■ **Exercise brief**
Which lines come from the start of the listing through the line holding "アンティーク家具　古民具・骨董　大正期　三方欅材!上品な茶箪笥(収納棚)"? Restate exactly those, both included, minus the pictures.

**** Supplied data

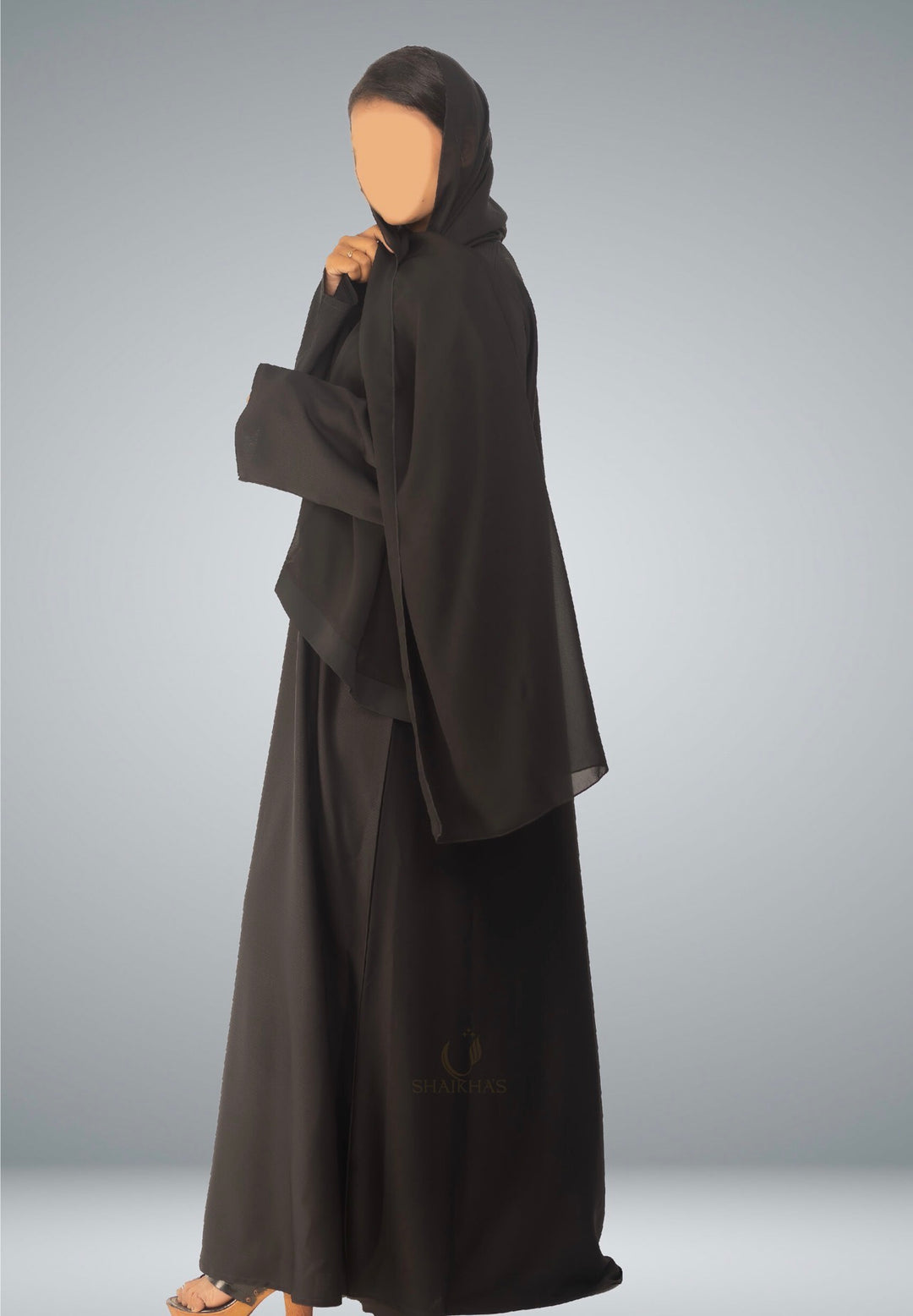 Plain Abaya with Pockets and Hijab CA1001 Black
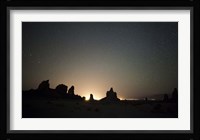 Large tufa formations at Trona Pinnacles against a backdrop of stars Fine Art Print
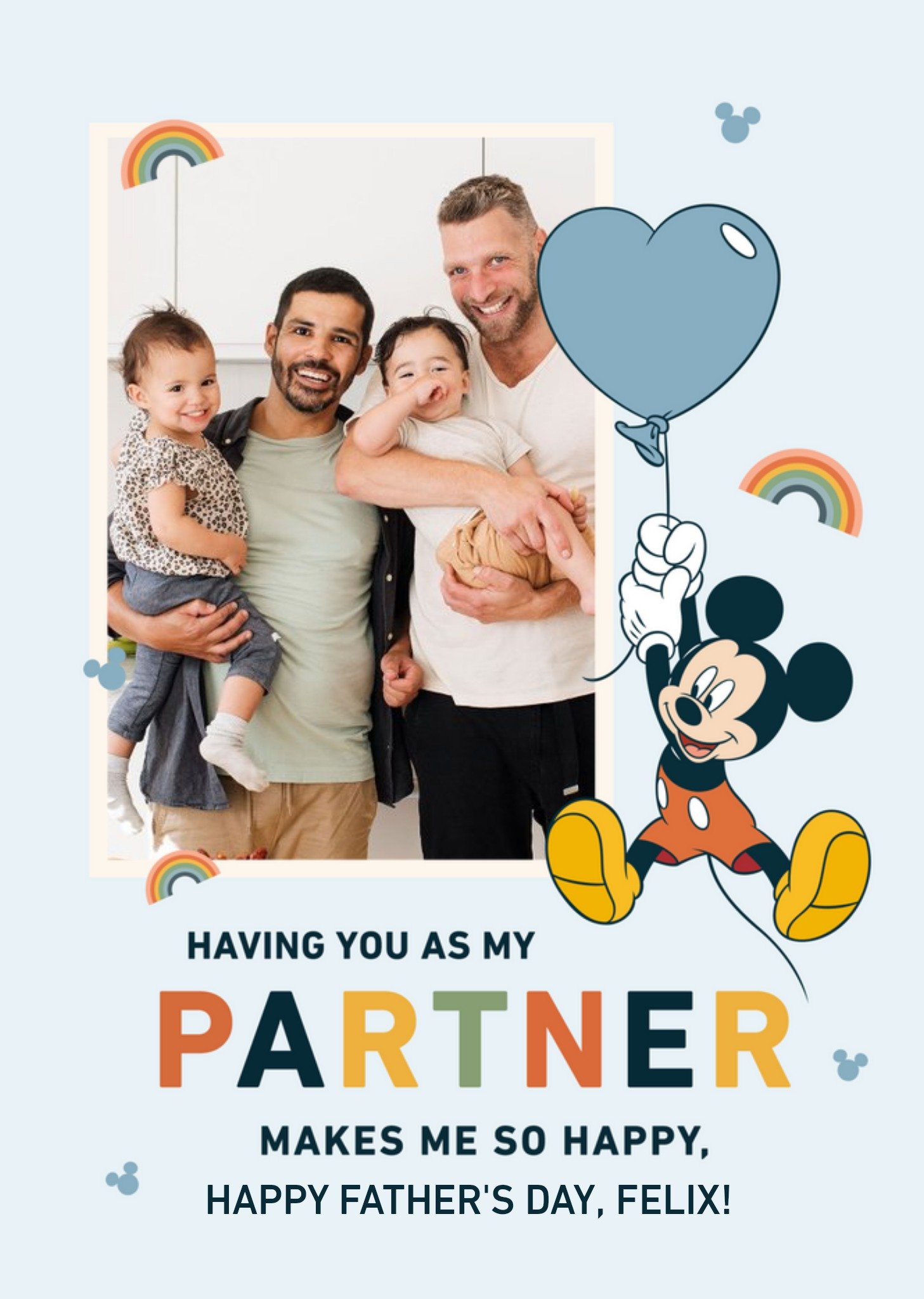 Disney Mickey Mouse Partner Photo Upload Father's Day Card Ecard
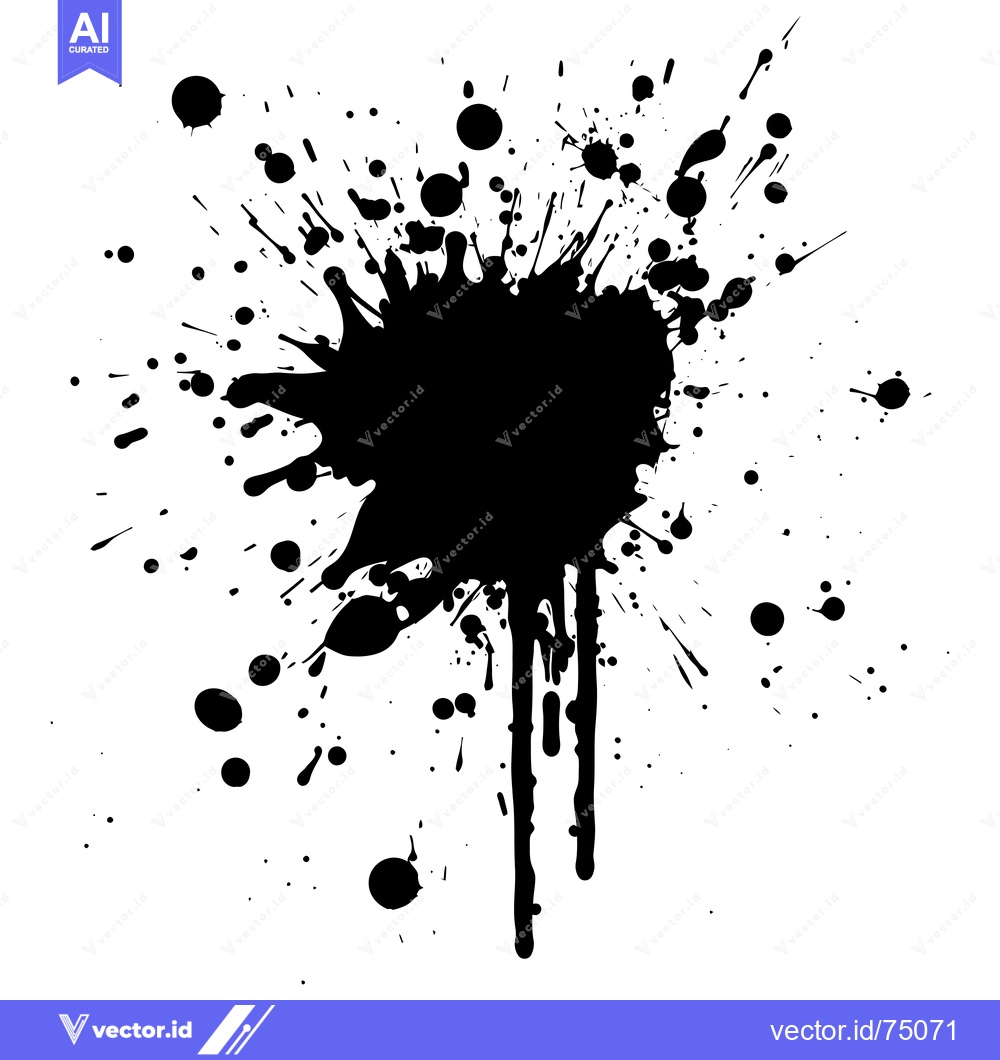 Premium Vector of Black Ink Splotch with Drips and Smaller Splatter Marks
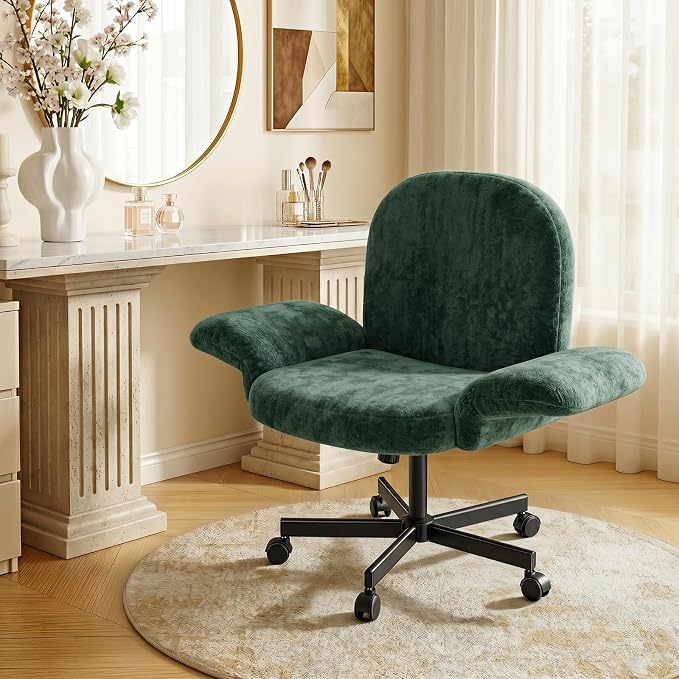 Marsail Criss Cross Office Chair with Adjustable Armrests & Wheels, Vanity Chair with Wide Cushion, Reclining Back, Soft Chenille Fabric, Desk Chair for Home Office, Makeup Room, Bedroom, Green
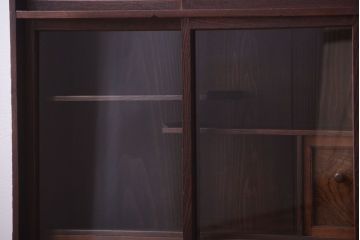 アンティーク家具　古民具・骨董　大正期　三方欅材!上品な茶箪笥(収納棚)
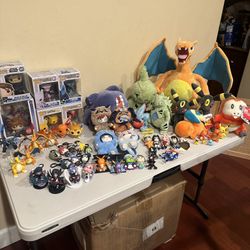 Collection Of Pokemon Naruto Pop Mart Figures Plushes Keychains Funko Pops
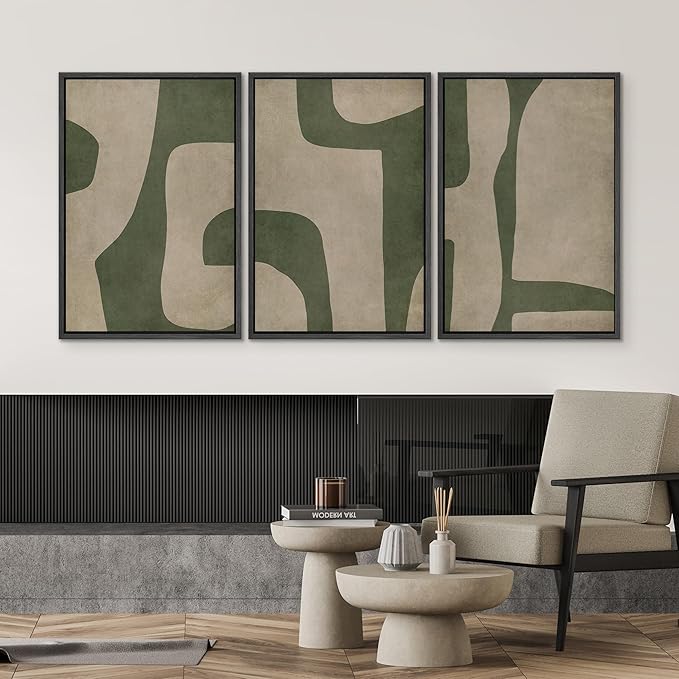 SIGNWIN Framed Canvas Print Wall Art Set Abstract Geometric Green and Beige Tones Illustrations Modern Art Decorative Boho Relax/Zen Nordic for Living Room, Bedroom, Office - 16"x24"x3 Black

********

■ **Answer space**
 Plain Abaya with Pockets and Hijab CA1001 Black
 Large tufa formations at Trona Pinnacles against a backdrop of stars Fine Art Print
 Disney Mickey Mouse Partner Photo Upload Father's Day Card Ecard
 Premium Vector of Black Ink Splotch with Drips and Smaller Splatter Marks
 Marsail Criss Cross Office Chair with Adjustable Armrests & Wheels, Vanity Chair with Wide Cushion, Reclining Back, Soft Chenille Fabric, Desk Chair for Home Office, Makeup Room, Bedroom, Green
 アンティーク家具　古民具・骨董　大正期　三方欅材!上品な茶箪笥(収納棚)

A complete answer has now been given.